L'expérience de la déportation qui est racontée au travers des yeux d'un enfant, Petia. Fils de juifs polonais, il a été exilé en même temps que sa mère Beauté dans un village sibérien dont le nom n'est jamais révélé pendant que le père a été déporté dans un de ces « Lager » d’où on ne sort que rarement vivant. Le village dans lequel se trouve Petia et Beauté est décrit comme un monde fermé et le récit se déroule à travers deux niveaux bien distincts : celui réel et historiquement défini, et un autre qui se présente comme un ensemble de récits, entre le cauchemar et la fable.
Le jour, la réalité est filtrée par la proximité de Beauté, qui, avec une grande simplicité naturelle, incite son fils à cueillir le voile subtil de la poésie et de la beauté qui enveloppe la vie, à entrevoir l'unicité quasi sacrée qui se cache derrière l'existence, pendant que dans le noir de la nuit la terreur de Petia pour les ténèbres et pour l'obscurité évoque tout le mal de la situation inhumaine et aberrante dans laquelle lui-même, sa mère et les autres déportés se trouvent.
Mais Petia fait tout ce qu’il peut pour réagir et retravailler les cauchemars et ses armes sont outre la beauté de la poésie et de la littérature (le jeune garçon passe des heures à lire Lermontov, Pushkin, Dostoiëvski, des livres qui, étrangement, sont trouvables dans le camp), l’ironie et le jeu.
Justement la nuit, comme antidote à la douleur, Petia fait une incursion en cachette dans l’école du village et avec l’aide de quelques craies colorées grime le visage du buste en plâtre de Staline en celui d’un clown très commun.L’enjeu de ce geste n’est pas tellement de susciter le rire des autres que d’exorciser, par le rire et l’ironie, ses propres peurs.
La survie dans le camp se manifeste comme une lutte pour la beauté, pour la culture, pour la recherche d'un principe, même religieux, à travers duquel il oppose une résistance à la douleur, et cela rien qu’avec la force des mots.
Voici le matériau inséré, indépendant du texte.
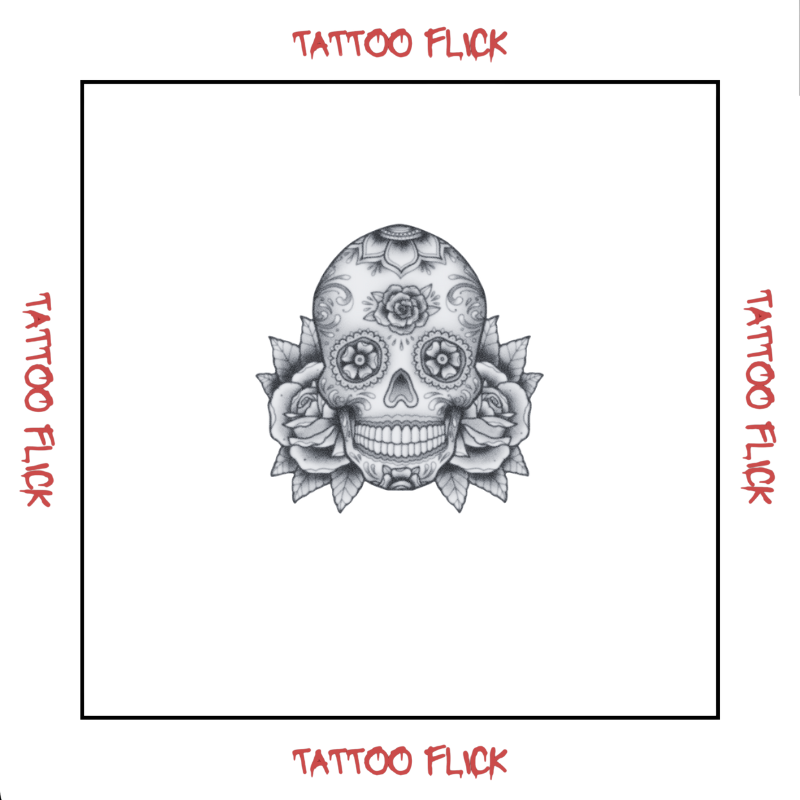 Sugar Skull With Roses - Temporary Tattoo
Auprès de lui est toujours présente sa mère Beauté dont la beauté réelle tant physique que morale, son intégrité est son ancre de salut. Beauté est le symbole d'une féminité salvatrice, qui lutte non seulement pour sa survie mais contre l'abrutissement spirituel, pour le droit à l'éducation de Petia, pour défendre les jeux de son enfant et ses amis des abus et même pour son amour.
Les neiges bleues, ce titre évoque les neiges de la steppe qui, vers le soir, en devenant d’un bleu glacial et limpide annoncent la nuit tellement crainte par Petia. Ce récit d’une sublimation enfantine et d’une profonde expérience de douleur causé par l’histoire est écrit dans un style délibérément très simple. Bouleversant.